## Work order
Copy out the lines beginning with the one that contains "Photo 1 of 41" and ending with the last line below, exactly as they stand. Pictures are not copied.

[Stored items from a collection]

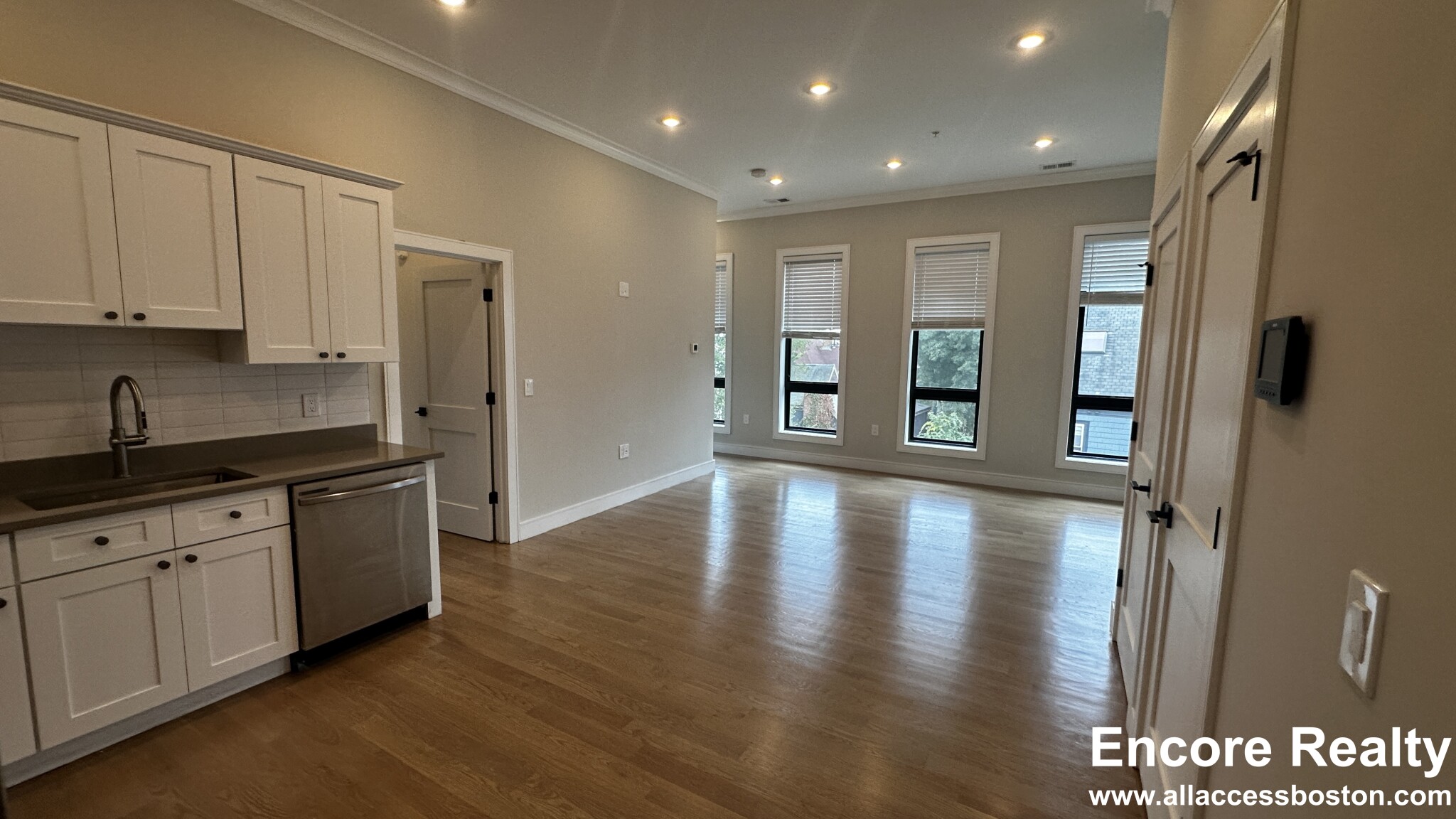 16 Highgate St, Allston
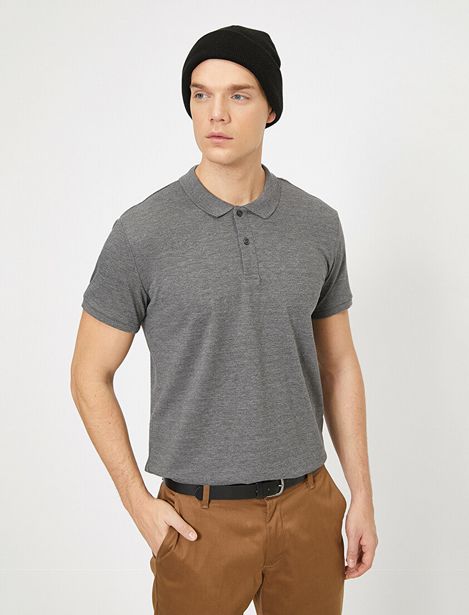 Short Sleeve Polo Neck Slim Fit T-Shirt offre à 53,99 Dh
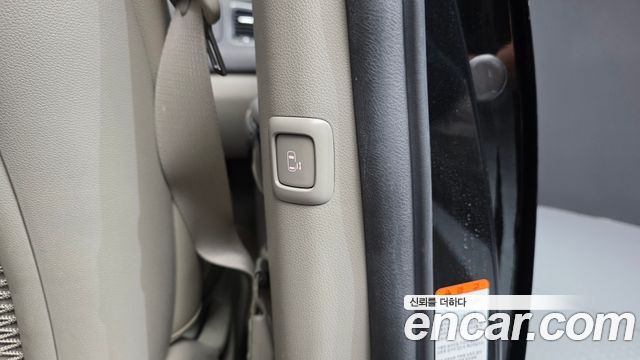 Kia Carnival 9-seater Prestige 2016 — фото 18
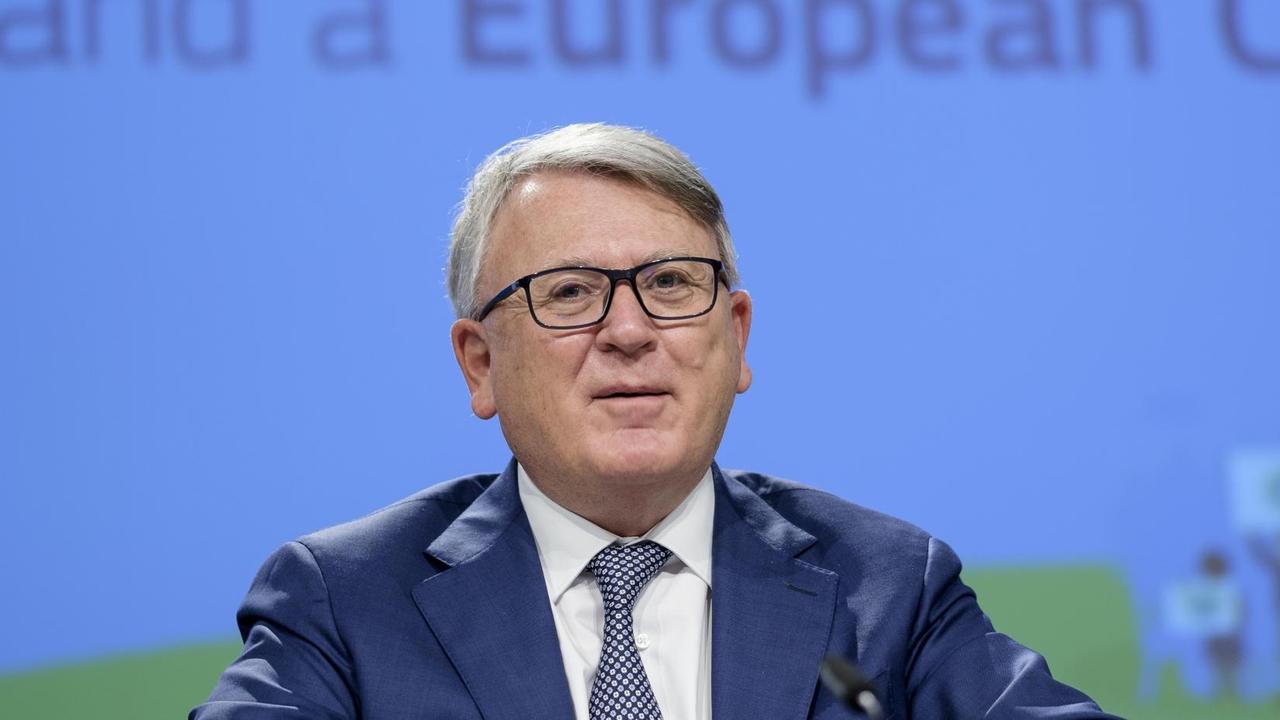 Der EU-Kommissar für Arbeit und Soziales, der Luxemburger Nicolas Schmit, auf einer Pressekonferenz in Brüssel Der EU-Kommissar für Arbeit und Soziales, der Luxemburger Nicolas Schmit, auf einer Pressekonferenz in Brüssel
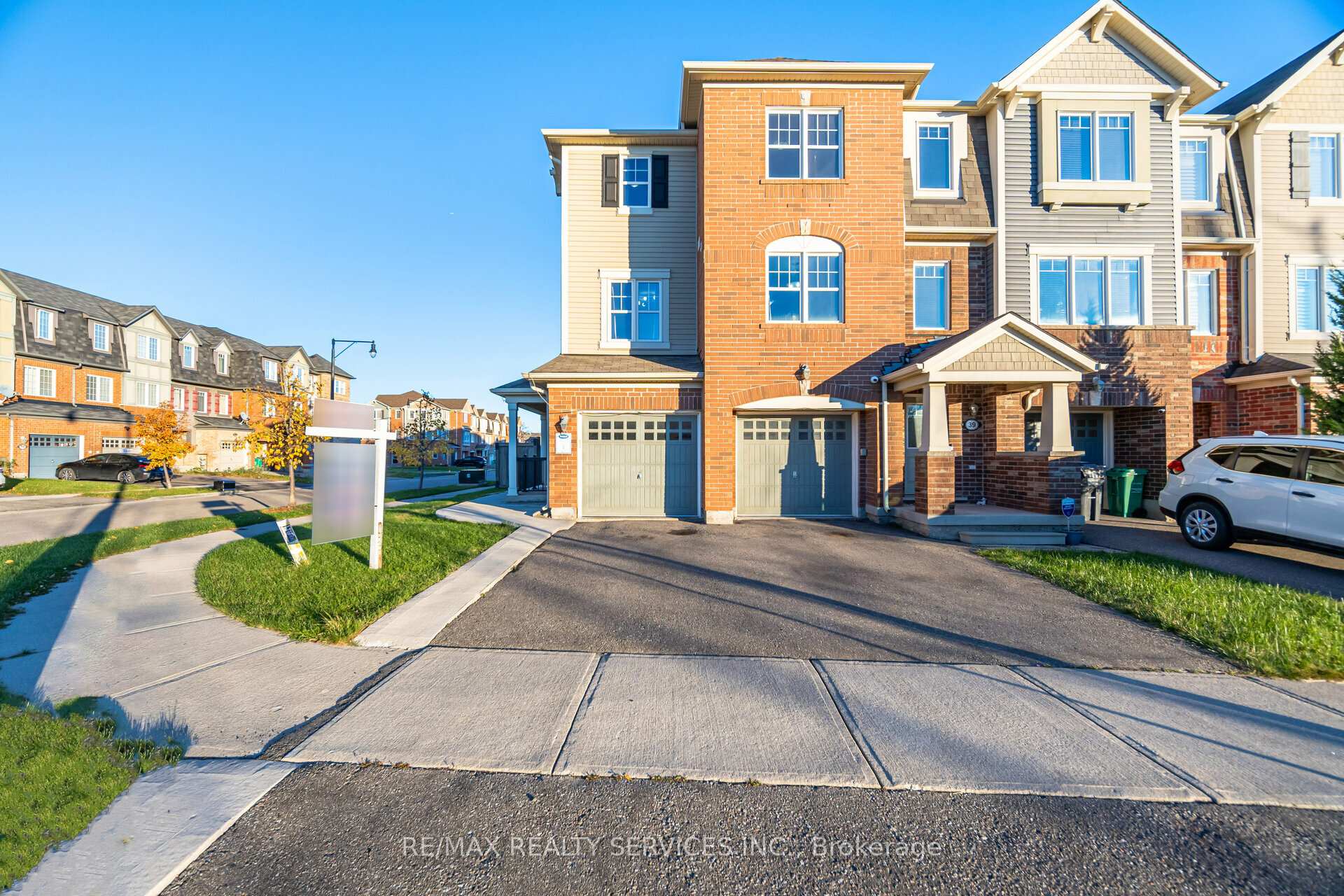 Photo 1 of 41 Betterton Crescent, Brampton, Northwest Brampton — HOMEH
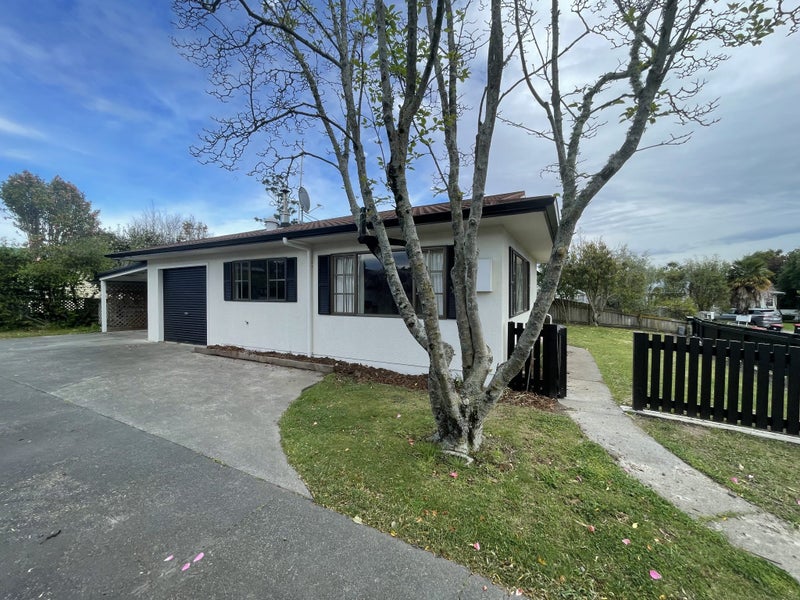 1/16 Carl Avenue, Havelock North, Havelock North - Carousel 13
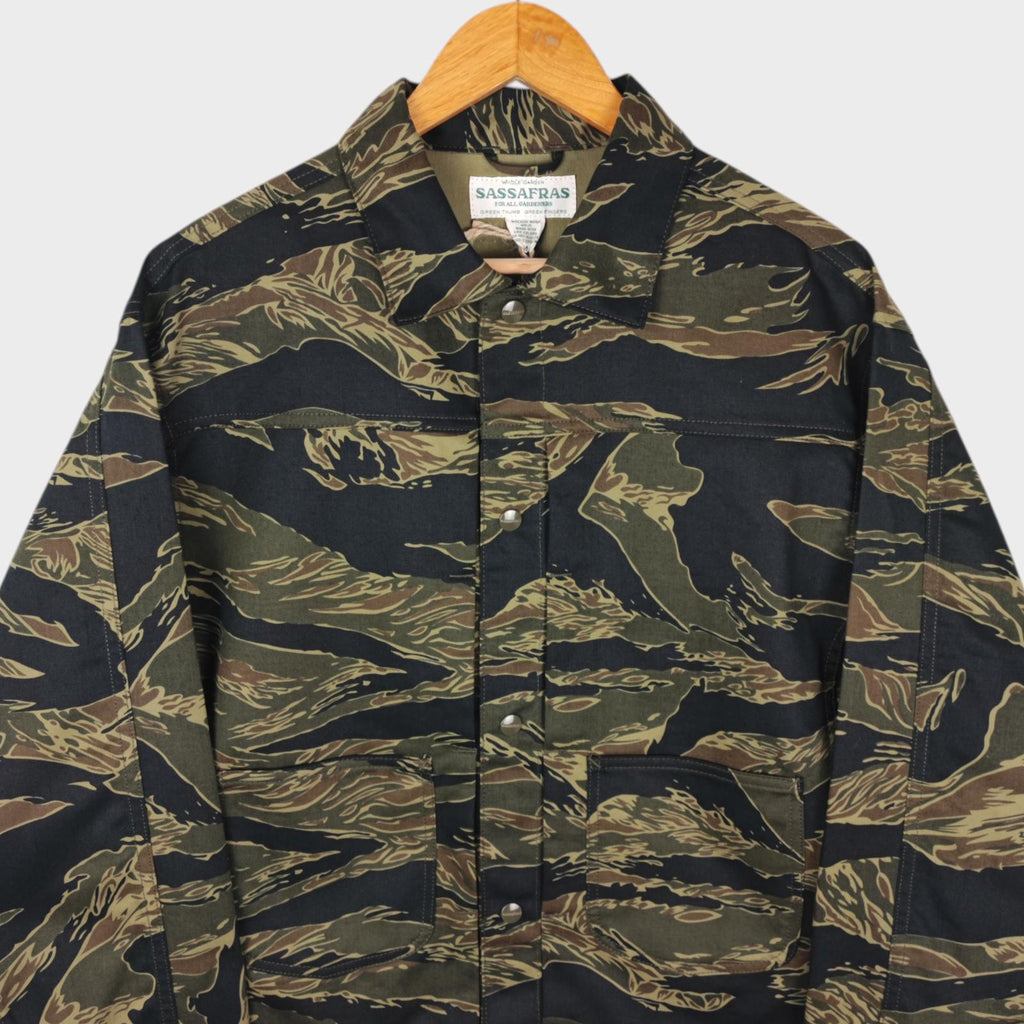 SASSAFRAS Men's Made in Japan Tiger Camo Gardeners Jacket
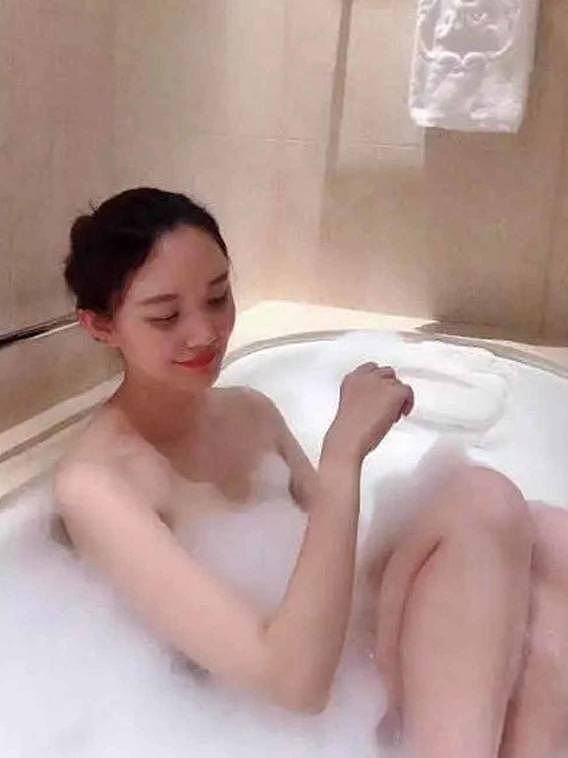 中国金融圈曝大尺度照 已婚女发全裸浴照色诱领导（组图） - 1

## Response box
 Photo 1 of 41 Betterton Crescent, Brampton, Northwest Brampton — HOMEH
 1/16 Carl Avenue, Havelock North, Havelock North - Carousel 13
 SASSAFRAS Men's Made in Japan Tiger Camo Gardeners Jacket
 中国金融圈曝大尺度照 已婚女发全裸浴照色诱领导（组图） - 1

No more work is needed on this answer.